This week is “week one” for my full time employment with T.A.S. The past seven weeks have been packed full with setting up a business, website, social media, logo design and many other necessary details for starting a small, woman-owned consulting business. All in my spare time I might add. On top of this, I was closing out a chapter of a ten-year career serving the employees of Department of Social and Health Services (DSHS). In this DSHS chapter I planned facility moves, designed office layouts to optimize lease dollars, conducted organizational assessments, facilitated customer feedback, managed several projects and initiatives, planned and led process improvement teams, built agency capacity with existing, motivated staff as lean practitioners, and designed and implemented a leader development program. Specifically these past three years provided me the forum to demonstrate my organizational development repertoire.
What a bitter-sweet transition. Obviously the relationships and casual passing of the incredible people I have met will be missed. As with Fred Hutchinson Cancer Research Center (employed 1989 – 2001), the mission of the organization is undeniable (DSHS- Transforming Lives, FHCRC– Elimination of cancer and related diseases as causes of human suffering and death). Both of these institutions employ a cadre of people who clearly are committed to making a difference in others lives.
A couple days before my send-off at DSHS, a kind soul asked me “do you know what you are doing?” This question caught me off guard. “Of course, I’ve done this sort of thing before,” I replied. And he further explained: the change of certainty, the lack of a retirement package, the details of sole proprietorship, to name a few. Short answer: yes, I am fully ready to take the courageous risk to leave a reliable paycheck and retirement package without any guarantees. I intend to help many organizations, leaders and vision-seekers pursue their fullest potential or optimize the employee and customer experience…to me, this sounds ducky!
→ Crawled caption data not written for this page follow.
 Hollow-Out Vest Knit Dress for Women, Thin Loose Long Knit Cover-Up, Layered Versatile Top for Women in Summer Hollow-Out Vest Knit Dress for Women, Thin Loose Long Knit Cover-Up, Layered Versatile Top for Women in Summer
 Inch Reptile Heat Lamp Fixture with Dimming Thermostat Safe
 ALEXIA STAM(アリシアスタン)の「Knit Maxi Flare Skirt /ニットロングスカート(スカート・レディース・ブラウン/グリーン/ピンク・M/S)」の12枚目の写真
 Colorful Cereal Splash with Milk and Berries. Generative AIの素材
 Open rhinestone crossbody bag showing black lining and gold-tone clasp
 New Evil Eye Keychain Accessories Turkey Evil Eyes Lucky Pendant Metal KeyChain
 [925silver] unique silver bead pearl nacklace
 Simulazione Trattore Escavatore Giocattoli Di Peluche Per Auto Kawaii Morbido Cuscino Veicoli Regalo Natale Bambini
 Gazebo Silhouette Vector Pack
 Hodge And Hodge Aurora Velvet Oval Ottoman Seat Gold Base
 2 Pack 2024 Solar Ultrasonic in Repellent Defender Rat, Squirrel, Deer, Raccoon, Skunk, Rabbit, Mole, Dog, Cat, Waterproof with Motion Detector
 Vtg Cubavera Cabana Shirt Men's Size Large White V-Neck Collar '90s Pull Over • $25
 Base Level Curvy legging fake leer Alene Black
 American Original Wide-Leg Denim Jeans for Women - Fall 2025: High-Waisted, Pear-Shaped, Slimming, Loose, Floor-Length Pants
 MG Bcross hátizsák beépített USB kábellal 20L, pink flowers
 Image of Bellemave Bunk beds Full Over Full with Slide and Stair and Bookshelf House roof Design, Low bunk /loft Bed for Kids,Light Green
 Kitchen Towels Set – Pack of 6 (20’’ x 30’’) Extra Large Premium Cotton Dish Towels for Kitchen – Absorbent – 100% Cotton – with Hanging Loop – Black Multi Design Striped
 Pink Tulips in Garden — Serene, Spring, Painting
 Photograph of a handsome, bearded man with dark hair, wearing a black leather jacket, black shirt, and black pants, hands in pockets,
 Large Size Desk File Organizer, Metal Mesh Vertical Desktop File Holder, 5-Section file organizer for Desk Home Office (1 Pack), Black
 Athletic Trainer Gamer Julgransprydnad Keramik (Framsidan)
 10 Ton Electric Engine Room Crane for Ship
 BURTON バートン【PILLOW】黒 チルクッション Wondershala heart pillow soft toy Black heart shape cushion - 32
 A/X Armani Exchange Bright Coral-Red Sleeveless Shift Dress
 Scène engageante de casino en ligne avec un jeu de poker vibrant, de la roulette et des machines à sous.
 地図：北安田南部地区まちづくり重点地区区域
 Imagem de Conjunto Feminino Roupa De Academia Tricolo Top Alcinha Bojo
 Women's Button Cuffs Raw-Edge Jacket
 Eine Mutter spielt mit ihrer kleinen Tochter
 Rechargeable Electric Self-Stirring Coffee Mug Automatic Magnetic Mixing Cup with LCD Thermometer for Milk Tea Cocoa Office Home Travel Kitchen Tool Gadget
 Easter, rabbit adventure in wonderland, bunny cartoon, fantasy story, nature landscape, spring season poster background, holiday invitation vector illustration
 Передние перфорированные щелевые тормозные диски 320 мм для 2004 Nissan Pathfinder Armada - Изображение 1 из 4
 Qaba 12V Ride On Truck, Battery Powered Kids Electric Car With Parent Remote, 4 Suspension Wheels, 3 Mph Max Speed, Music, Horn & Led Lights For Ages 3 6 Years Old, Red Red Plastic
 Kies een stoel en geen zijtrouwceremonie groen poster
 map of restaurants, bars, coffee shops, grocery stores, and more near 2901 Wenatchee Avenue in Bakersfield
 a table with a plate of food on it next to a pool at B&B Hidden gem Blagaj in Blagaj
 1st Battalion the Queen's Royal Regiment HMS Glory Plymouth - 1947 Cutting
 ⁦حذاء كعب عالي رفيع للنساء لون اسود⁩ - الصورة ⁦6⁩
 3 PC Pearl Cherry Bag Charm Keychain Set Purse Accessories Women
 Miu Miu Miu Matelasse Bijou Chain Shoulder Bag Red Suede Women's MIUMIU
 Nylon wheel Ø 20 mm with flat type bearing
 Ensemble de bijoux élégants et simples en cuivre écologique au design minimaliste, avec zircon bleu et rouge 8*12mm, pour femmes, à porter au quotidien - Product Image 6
So here it goes! I made this choice to start T.A.S. because:
- there are too many places where staff are disengaged from their company mission
- Washington government is on the cusp of greatness using Lean process improvements, yet many agencies don’t have all the supports they need
- Organizational culture is real, and must be intentionally sculpted
- Leaders need self-awareness and the tools to make the difference
- Too many “should haves” or inactive plans; our proactive response includes planning, communications, and follow up all the way to completion
- There is untapped potential on our teams, everyone wins when staff develop
- We are human, which means we need connection, reinforcement, challenges and like to be held accountable for our actions. The workplace needs humanity.
My motives are– I want to be in service to great leaders who want to do great things, and they simply need the transformation tools and strategic game plan to activate their organization into its very best!